A sixth-grade school teacher is under investigation by school officials in Gwinnett County, Georgia, after asking students to draw a Nazi mascot as part of a homework assignment, according to AJC.com.
The assignment asked students to envision “the year is 1935 and you have been tasked with creating a mascot to represent the Nazi party at its political rallies.”
“Think about all of the information you have learned about Hitler and the Nazi party,” the assignment directed. “You will create a COLORFUL illustration of the mascot. Give the mascot a NAME. You will also write an explanation as to why the mascot was chosen to represent the Nazi party.”
Parents of the students were confused and angered at the assignment that was given to their children.
Jamie Brown, whose 11-year son received the assignment, called it “demeaning”.
“I don’t understand it, really to be honest, that we’re actually creating a mascot for an individual that murdered thousands of people,” Brown told Fox 5. “I guess I’m the voice for the voiceless, for the kids that can’t question the authority of the teacher, can’t question the legitimacy of the assignment that’s given out”.
“At this point, I think a formal apology should be handed out, and the teacher involved should be reprimanded,” he added. “From this day forward, I will be checking every homework assignment coming home from Shiloh Middle School.”
Brown wasn’t the only one concerned over the assignment. The president of the NAACP Atlanta chapter Richard Rose also questioned the reason for having the assignment.

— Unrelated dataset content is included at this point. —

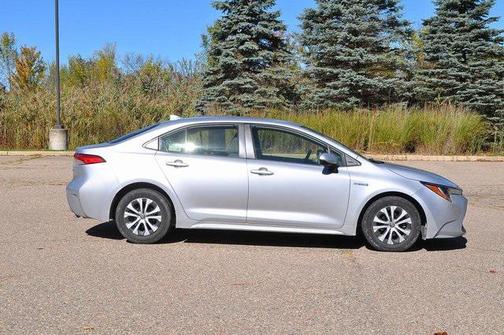 2020 Toyota Corolla Hybrid LE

“When you think about a mascot for something, you think it’s a good thing — mascot for your college, mascot for your high school. This is nothing to celebrate,” he told WSB-TV Atlanta.
One of the school’s spokesperson condemned the assignment given by the social studies teacher.
“This assignment is not a part of the approved materials provided by our Social Studies department and is not appropriate and the school is addressing the use of this assignment with the teacher,” district spokeswoman Sloan Roach told AJC.com.